Il sogno si è avverato, la nostra inchiesta è stata selezionata. Adesso bisogna impegnarsi veramente. Il primo mese di lavoro è stato una corsa tra interviste, treni da non perdere e nuove piste da approfondire.

Quei giorni di gennaio passati a Roma in una full immersion in cui quasi non sapevamo più cosa stesse accadendo nel mondo esterno, concentrate solo sull’argomento da proporre al Premio Morrione, non sono stati inutili. Ci hanno permesso infatti di creare una rete di contatti che ora, nella fase operativa, ci sta aiutando moltissimo.

Si tratta di alcuni dei protagonisti della storia che vogliamo raccontare che alla telefonata “abbiamo vinto, si parte” si sono immediatamente resi disponibili per le interviste video. Calendario alla mano, abbiamo cercato di incastrare i momenti migliori per gli incontri. Facendo lo slalom tra le nostre collaborazioni freelance di cui viviamo, le disponibilità degli intervistati e….sì, anche i prezzi più economici dei treni.

Partire dagli esperti del tema dell’inchiesta, da chi sta già facendo una battaglia personale per portarlo alla luce, ci ha permesso di avere un quadro chiaro della questione. Di non cadere nella tentazione di essere sensazionalistici e vedere tutto bianco o nero. Abbiamo capito che in questo lavoro le sfumature saranno tante se vogliamo riuscire a rendere la complessità. Sbobinare questi dialoghi in cui ci sono statistiche, dati e nomi e una ricostruzione storica del problema ci farà arrivare più consapevoli alle domande chiave dell’inchiesta.

Le prime tre interviste sono state un bel campo di prova. Fondamentali sia per rodare il lavoro in team anche con i nostri filmaker, sia per dare l’imprinting allo stile che vogliamo tenere in questi 20 minuti di video. Fortunatamente abbiamo un tutor, Federico Russo,  che ci risponde anche alle 11 di sera per gli ultimi consigli prima delle riprese.

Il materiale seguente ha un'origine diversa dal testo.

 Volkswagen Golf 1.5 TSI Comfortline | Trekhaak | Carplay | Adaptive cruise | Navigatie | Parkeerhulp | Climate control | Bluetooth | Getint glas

Non lo nascondiamo: a volte si litiga. Non sui contenuti, visto che abbiamo entrambe un’attenzione particolare e quasi maniacale alla preparazione delle interviste. Ma è sulla parte tecnica che scivoliamo: un radiomicrofono che non funziona proprio mentre parte il ciak, uno slider che arriva in ritardo o un hard disk pericolosamente in giro tra Roma e Bologna bastano per far partire un’accesa discussione. Forse è normale, quando si tiene così tanto ad un’inchiesta.

Più andiamo a fondo, più appaiono dei filoni da seguire che neanche ci attendevamo. In alcuni momenti ci sembra un’impresa più grande di noi. Poi però i primi intervistati ci dicono “ragazze, siamo con voi. E’ importante denunciare questa truffa: potete aiutare molte famiglie con il vostro lavoro!”. Rimboccarsi le maniche è obbligatorio.